Is there something better than SQL?

onlinepersona@programming.dev · 1 year ago

Is there something better than SQL?

JackbyDev@programming.dev · 1 year ago

No, SQL is great for relational data. There’s like decades of research into it. It’s the best.

sip@programming.dev · 1 year ago

relational databases have years of reseach into them, not the query language itself.

sql was built so people other than devs can use it, but we got stuck with it.

normalexit@lemmy.world · 1 year ago

SQL has been around and evolving since the 70s. It is an ISO/IEC standard and is portable across a multitude of databases.

https://en.m.wikipedia.org/wiki/SQL

sip@programming.dev · 1 year ago

portable, my ass. excuse my french.

each system has it’s own dialect and quirks

lysdexic@programming.dev · edit-2 1 year ago

each system has it’s own dialect and quirks

That does not mean that SQL, as specified by one of it’s standard versions, is not portable. It just means that some implementations fail to comply with the standard and/or provide their own extensions.

If an implementation fails to comply with the standard, that’s a failure on the side of the implementation, not a failure of SQL.

lysdexic@programming.dev · 1 year ago

sql was built so people other than devs can use it, but we got stuck with it.

Not really. Being designed with UX in mind, so that it sacrifices conciseness for readability, does not make it something for “people other than devs”.

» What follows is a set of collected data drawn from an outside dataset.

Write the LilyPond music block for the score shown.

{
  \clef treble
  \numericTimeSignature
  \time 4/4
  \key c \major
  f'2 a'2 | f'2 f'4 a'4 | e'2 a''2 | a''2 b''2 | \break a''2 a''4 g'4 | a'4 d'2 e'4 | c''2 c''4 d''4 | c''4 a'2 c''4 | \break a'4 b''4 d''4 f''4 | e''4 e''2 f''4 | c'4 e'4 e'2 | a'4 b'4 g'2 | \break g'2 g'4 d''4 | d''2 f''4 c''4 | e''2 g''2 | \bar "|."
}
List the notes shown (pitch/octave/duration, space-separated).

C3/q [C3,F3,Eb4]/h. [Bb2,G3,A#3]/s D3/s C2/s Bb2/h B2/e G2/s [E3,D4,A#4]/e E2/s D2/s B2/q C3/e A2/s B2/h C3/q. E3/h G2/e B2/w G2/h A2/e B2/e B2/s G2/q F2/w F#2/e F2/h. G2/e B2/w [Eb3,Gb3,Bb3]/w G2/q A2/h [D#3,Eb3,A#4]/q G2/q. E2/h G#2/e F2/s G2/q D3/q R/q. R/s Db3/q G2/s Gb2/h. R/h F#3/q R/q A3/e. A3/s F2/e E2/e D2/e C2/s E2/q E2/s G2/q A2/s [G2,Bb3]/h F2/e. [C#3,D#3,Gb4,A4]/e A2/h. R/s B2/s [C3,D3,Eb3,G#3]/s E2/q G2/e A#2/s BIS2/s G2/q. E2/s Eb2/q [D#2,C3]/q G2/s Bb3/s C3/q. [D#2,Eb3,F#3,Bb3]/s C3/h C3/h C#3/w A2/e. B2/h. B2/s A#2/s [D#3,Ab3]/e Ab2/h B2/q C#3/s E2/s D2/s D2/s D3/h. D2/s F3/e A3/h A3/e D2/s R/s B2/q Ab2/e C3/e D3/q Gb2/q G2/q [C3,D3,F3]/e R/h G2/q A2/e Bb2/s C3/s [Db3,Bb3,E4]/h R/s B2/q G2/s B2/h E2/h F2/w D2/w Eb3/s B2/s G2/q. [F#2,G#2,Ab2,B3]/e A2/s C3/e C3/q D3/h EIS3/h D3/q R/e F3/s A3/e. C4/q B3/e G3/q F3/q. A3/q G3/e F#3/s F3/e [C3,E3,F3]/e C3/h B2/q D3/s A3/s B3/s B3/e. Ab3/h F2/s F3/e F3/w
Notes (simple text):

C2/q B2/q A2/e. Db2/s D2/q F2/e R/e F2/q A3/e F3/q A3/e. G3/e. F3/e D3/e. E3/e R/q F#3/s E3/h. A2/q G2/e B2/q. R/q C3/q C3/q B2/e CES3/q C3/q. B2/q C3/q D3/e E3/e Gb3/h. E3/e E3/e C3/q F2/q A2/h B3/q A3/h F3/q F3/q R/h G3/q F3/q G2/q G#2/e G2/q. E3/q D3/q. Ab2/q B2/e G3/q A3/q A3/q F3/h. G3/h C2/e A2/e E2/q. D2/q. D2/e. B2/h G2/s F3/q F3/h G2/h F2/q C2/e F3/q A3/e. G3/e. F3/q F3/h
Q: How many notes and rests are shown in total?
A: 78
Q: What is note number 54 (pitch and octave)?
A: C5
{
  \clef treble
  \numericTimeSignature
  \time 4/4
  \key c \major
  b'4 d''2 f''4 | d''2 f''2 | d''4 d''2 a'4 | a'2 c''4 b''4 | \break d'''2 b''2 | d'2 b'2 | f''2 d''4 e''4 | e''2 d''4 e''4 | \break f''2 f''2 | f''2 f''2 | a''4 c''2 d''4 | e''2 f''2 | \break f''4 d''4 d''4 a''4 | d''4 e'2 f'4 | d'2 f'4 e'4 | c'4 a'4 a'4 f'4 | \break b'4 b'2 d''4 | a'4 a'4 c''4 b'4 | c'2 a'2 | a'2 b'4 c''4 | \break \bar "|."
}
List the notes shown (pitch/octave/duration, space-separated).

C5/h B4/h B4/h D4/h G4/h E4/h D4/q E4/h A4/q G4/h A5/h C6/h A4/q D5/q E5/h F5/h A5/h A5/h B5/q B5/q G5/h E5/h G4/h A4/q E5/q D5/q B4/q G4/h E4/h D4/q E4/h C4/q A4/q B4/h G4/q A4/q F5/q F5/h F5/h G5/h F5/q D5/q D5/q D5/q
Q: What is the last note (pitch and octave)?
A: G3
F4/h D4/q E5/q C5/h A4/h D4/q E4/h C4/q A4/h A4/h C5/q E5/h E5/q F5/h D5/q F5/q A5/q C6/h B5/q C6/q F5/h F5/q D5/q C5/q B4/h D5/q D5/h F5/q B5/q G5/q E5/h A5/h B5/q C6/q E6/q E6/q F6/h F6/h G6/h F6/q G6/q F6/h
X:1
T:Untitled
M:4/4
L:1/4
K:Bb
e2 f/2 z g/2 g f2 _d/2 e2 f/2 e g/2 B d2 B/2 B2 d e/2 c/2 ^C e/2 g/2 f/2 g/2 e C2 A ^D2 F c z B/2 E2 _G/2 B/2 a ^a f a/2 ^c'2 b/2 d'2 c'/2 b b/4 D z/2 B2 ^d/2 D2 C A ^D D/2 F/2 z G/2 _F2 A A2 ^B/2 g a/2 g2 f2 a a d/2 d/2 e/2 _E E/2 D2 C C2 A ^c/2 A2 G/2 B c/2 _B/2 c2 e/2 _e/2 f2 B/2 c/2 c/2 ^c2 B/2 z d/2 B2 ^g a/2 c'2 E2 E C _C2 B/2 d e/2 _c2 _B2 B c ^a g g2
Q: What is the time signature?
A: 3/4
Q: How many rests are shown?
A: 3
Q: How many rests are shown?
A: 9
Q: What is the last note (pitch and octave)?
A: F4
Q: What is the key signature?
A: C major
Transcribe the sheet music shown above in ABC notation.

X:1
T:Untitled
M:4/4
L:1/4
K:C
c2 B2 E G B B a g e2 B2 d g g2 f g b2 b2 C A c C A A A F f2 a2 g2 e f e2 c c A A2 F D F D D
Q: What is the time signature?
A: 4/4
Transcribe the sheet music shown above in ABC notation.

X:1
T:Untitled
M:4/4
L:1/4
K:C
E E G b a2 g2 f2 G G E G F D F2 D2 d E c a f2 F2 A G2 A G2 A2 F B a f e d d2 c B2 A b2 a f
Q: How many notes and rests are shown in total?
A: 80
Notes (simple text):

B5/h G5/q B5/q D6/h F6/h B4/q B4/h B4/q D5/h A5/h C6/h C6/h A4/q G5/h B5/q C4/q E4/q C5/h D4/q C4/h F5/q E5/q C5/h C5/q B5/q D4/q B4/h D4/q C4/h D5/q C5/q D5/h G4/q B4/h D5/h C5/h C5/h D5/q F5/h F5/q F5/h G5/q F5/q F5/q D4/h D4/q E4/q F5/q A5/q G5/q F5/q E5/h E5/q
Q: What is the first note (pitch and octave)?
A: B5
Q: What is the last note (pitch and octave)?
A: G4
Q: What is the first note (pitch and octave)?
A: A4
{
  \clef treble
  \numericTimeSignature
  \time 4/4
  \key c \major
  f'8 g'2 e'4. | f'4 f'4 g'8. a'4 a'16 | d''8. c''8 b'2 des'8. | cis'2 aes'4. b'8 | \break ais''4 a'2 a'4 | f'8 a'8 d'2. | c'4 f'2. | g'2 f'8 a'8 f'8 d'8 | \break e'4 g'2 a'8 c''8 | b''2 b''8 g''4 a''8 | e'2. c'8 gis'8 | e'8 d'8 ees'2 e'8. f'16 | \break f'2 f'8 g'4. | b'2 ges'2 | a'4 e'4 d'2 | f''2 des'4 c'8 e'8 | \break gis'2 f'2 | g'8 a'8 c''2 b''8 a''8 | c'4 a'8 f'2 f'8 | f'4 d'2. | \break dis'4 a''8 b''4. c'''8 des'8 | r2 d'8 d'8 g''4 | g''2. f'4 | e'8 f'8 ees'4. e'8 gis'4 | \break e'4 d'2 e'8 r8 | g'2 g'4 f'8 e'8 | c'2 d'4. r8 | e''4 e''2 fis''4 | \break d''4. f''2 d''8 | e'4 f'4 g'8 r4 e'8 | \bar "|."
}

Likewise, BASIC was also developed with UX in mind, and no one in their right mind would ever claim that it’s not a programming language.

r1veRRR@feddit.de · 1 year ago

SQL is horrible as a language to read or write. There’s a million different variants, because it lacks so many basic things. And when used in other code, you generally end up string concatinating one language in another language, with all the HORRIBLE bugs something like that brings about.

Imagine Backend People said we should just write adhoc Javascript for the frontend by concatinating the “correct” code in the backend.

JackbyDev@programming.dev · 1 year ago

You should use parameterization, not concatenation.

Kissaki@feddit.de · edit-2 1 year ago

most programmers aren’t DB experts and the SQL they output is quite often terrible.

Isn’t that looking at it the wrong way / missing the point?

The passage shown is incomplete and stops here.